La bailarina tica Andreína Méndez nos compartió con más detalle el aterrador momento que vivió hace un mes, cuando fue atacada por un perro rottweiler, una experiencia que no solo le dejó secuelas físicas, sino también emocionales y hasta laborales.
Méndez había contado que el ataque le cambió la vida y que incluso la obligó a poner en pausa su carrera en el baile y su otro trabajo.
Según relató, el hecho se dio en la casa de unos colegas a los que llegó a visitar. El perro estaba suelto, pues para sus dueños era inofensivo y no hacía nada.

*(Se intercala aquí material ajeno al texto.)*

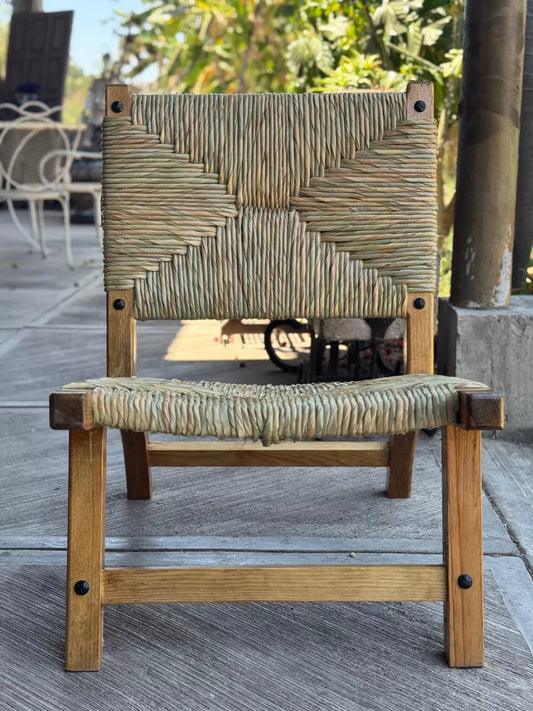 Miguelito Style Sustainable Wood Handcrafted Armchair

“Él se me tiró e hizo a agarrar el cuello, yo me quité y me agarró como el cabello y detrás de la oreja, que me la partió… por dicha me la suturaron, me la lograron salvar”, relató la bailarina sobre los primeros segundos del ataque.
La situación se volvió aún más angustiante cuando el animal intentó atacarla nuevamente, que fue cuando le hizo el mayor daño.
“Una vez que se soltó me iba a atacar una segunda vez y en eso yo metí el brazo para protegerme y ahí fue donde me mordió más veces, no me soltaba”, contó.
Herida y sin trabajo
Tras el violento episodio, Méndez tuvo que someterse a varios exámenes médicos.
Según explicó, aunque las lesiones fueron profundas, no comprometieron el hueso.
“Sí hubo heridas profundas, mas no tocó el hueso, pero sí el músculo, y eso indica que debo llevar meses de terapia para recuperar la movilidad total”, detalló.
La bailarina tiene un mes de estar incapacitada, aunque asegura que poco a poco ha ido mejorando.
“Las heridas están sanando, todavía siento dolor en el brazo, pero estoy con las terapias. Ya estoy mejor, gracias al Señor”, expresó.
No obstante, el proceso no ha sido fácil. Además del impacto físico y emocional, la situación también le afectó en lo laboral.
“En el trabajo estaba por servicios profesionales y por la incapacidad tuve que avisar que no podía continuar y ahora estoy sin trabajo”, lamentó.
Proceso legal
Andreína también dejó claro que no puede profundizar en algunos detalles debido a un proceso legal en curso, ya que denunció a los dueños del perro.
Ella hizo pública su situación por la importancia de generar conciencia sobre este tipo de situaciones, especialmente en cuanto a la responsabilidad de los dueños de mascotas. Incluso cuestionó la falta de empatía tras lo ocurrido y pidió mayor cuidado para evitar que casos como el suyo se repitan.
“Las situaciones difíciles no solo muestran lo que pasó, también dejan ver cómo cada quien decide actuar después. Y en esos detalles es donde realmente se conoce el nivel de empatía, conciencia y responsabilidad. Ojalá todos entendieran el peso que pueden tener sus acciones, incluso cuando deciden no hacerse cargo”, publicó.
Por ahora, continúa enfocada en su recuperación, enfrentando un proceso y esperando volver a bailar pronto.